Inspired by James, I tried this out...
For others interested, here is sample dag to test it out:
class MyDAG(DAG):
def following_schedule(self, dttm):
pen_dt = pendulum.instance(dttm).replace(second=0, microsecond=0)
minutes = pen_dt.minute
minutes_mod = minutes % 10
if minutes_mod < 5:
return pen_dt.add(minutes=1)
else:
return pen_dt.add(minutes=10 - minutes_mod)
def previous_schedule(self, dttm):
pen_dt = pendulum.instance(dttm).replace(second=0, microsecond=0)
minutes = pen_dt.minute
minutes_mod = minutes % 10
if minutes_mod < 5:
return pen_dt.add(minutes=-1)
else:
return pen_dt.add(minutes=-(minutes_mod - 5))
dag = MyDAG(
dag_id='test_schd',
default_args=default_args,
schedule_interval='@daily',
catchup=True,
concurrency=1000,
max_active_runs=10,
)
with dag:
DummyOperator(task_id='test', task_concurrency=1000)
What this will do is trigger one run for every minute when minutes (mod 10)
is between 0-4 but not schedule anything between 5-9 *(or something like
that, i did not scrutinize the edges carefully)*.
But... anyway, it'll prove that it works relatively quickly and that's the
point.
I have a use case.

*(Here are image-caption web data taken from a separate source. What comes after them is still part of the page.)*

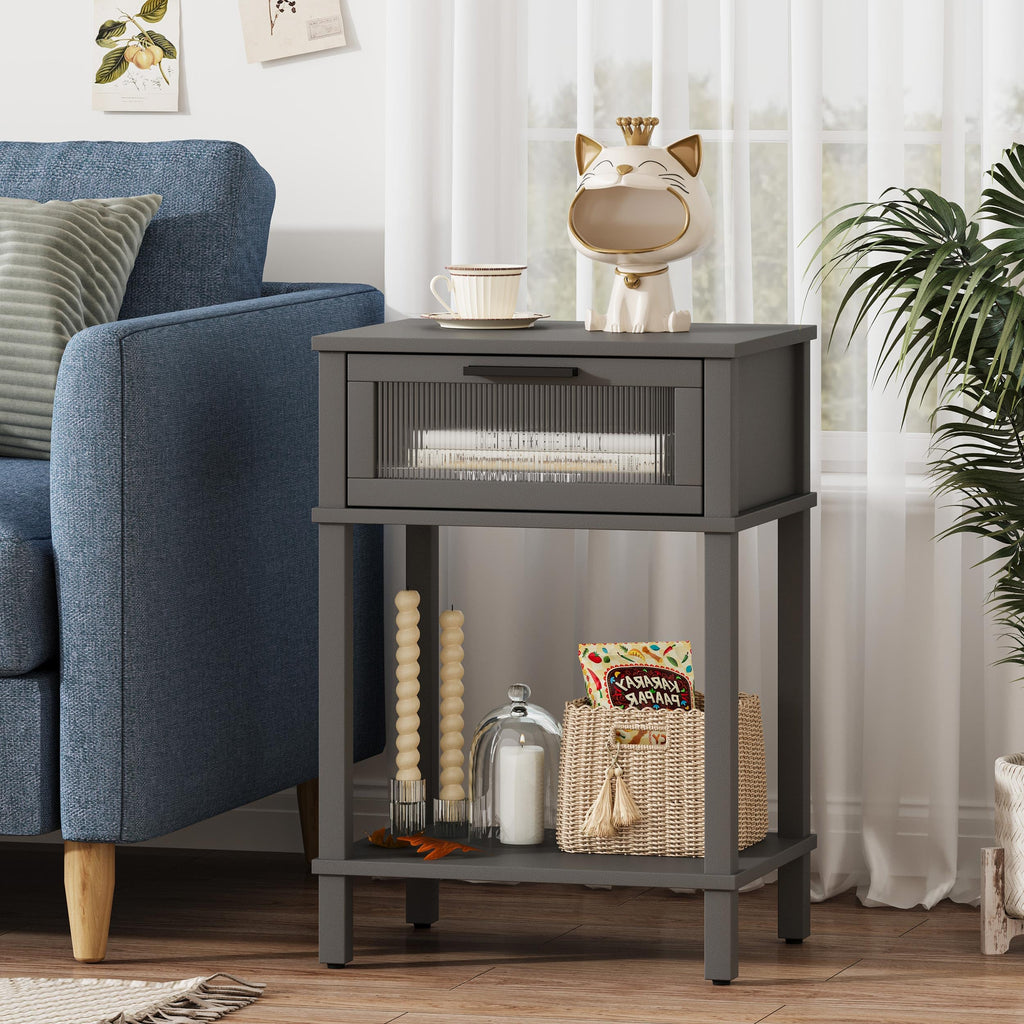 Grey Wooden Nightstand with Drawer and Storage Shelf Z3860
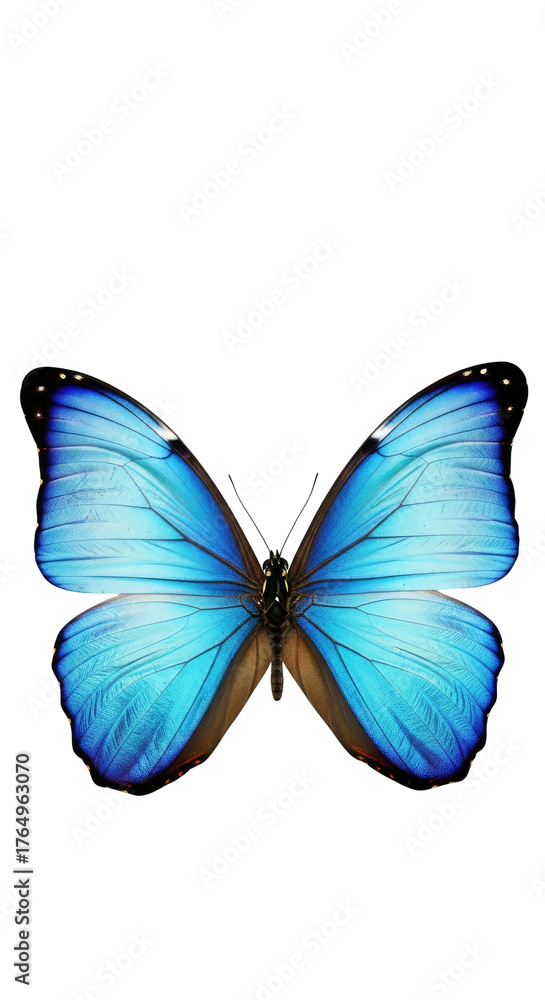 Fototapeta premium A vibrant butterfly with blue wings against a stark, black background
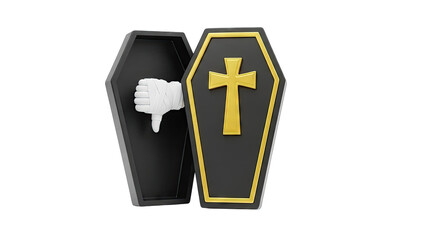 Obraz premium Coffin with Thumbs Down Hand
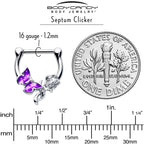 16G 5/6 Clear Gem Butterfly Rose Flower Purple Cartilage Clicker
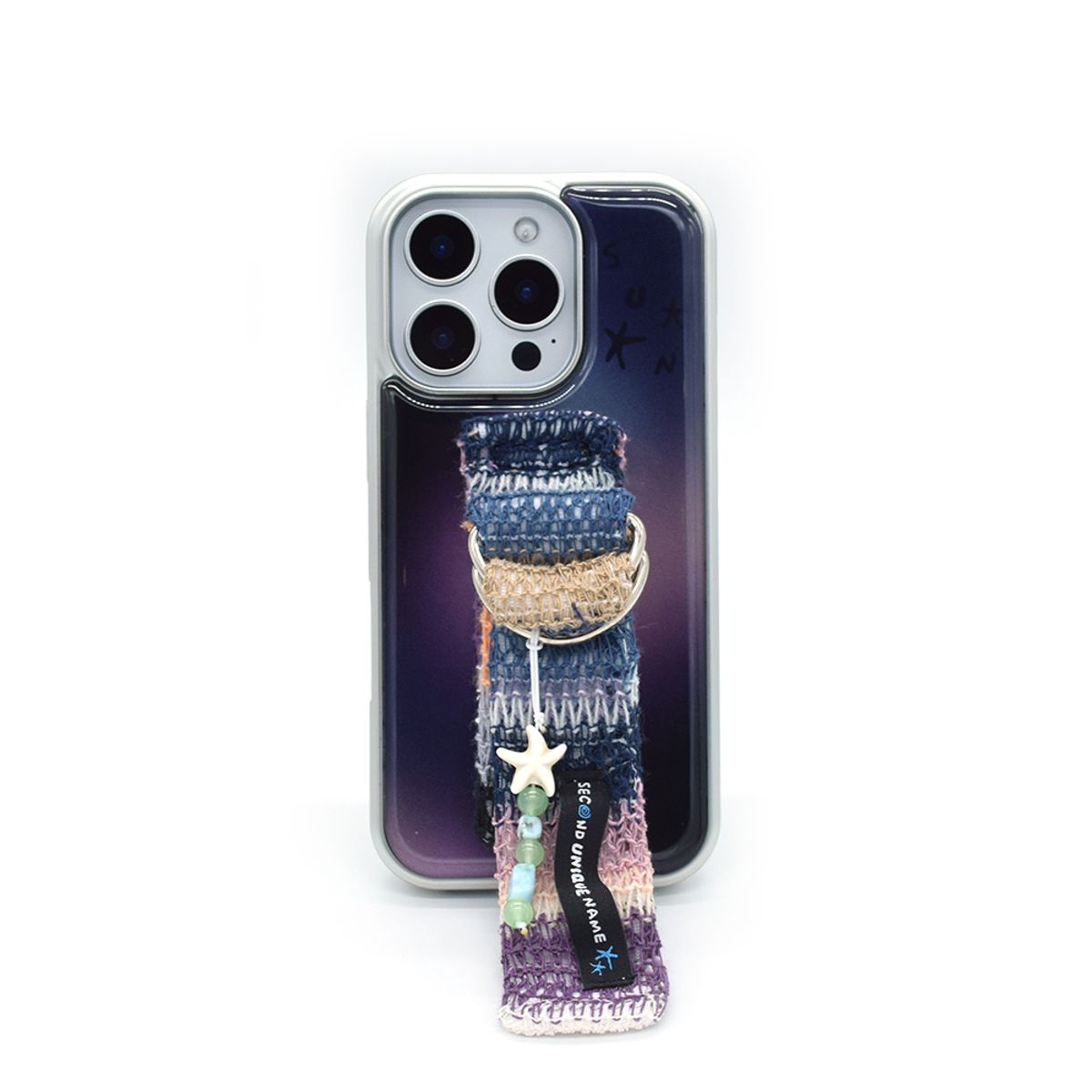세컨드유니크네임(SECOND UNIQUE NAME) SUN CASE KNIT BELT MIDNIGHT (EPOXY SILVER)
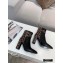 Louis Vuitton Heel 9.5cm Calfskin/Canvas Ankle Boots Black 2020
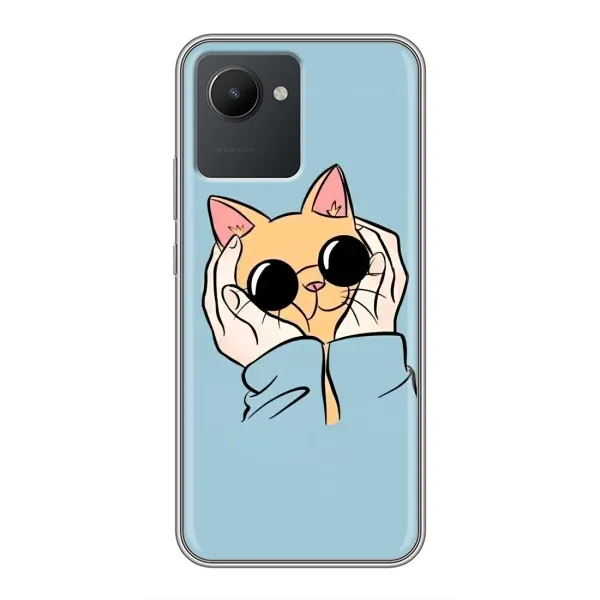 Чехол с принтом «Котик в очках» для Realme C30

I think i might use it, rather than adding branching
logic. It's ugly, but they are both ugly.
*Question*
What do people think about a Schedule abstraction that takes the
previous_schedule and following_schedule methods from dag (perhaps rename
to previous_execution following_execution?)
Then I imagine we could do this:
* deprecate the `schedule_interval` param
* rename schedule_interval to ``schedule: Union[Schedule, str, timedelta]``
and preserve backward compatibility
* if str or timedelta is given, we instantiate a suitable Schedule object.

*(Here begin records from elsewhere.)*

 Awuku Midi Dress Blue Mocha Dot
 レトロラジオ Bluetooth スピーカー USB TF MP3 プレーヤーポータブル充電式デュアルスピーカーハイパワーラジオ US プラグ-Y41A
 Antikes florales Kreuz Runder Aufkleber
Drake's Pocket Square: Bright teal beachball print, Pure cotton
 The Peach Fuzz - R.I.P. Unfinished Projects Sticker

Perhaps there is a CronSchedule and a TimedeltaSchedule.
Any interest?
Ash, you had mentioned something about some plans that were in conflict
with the above hack.... could you maybe share a thought or two about what
you were thinking?
*Another idea*
If we could maybe leave it to the `Schedule` class to decide the
relationship between run time and "execution_date". There is the "interval
edge PR"... But maybe there would be an elegant way to control that
behavior in the Schedule class. Perhaps simply a class constant, or param.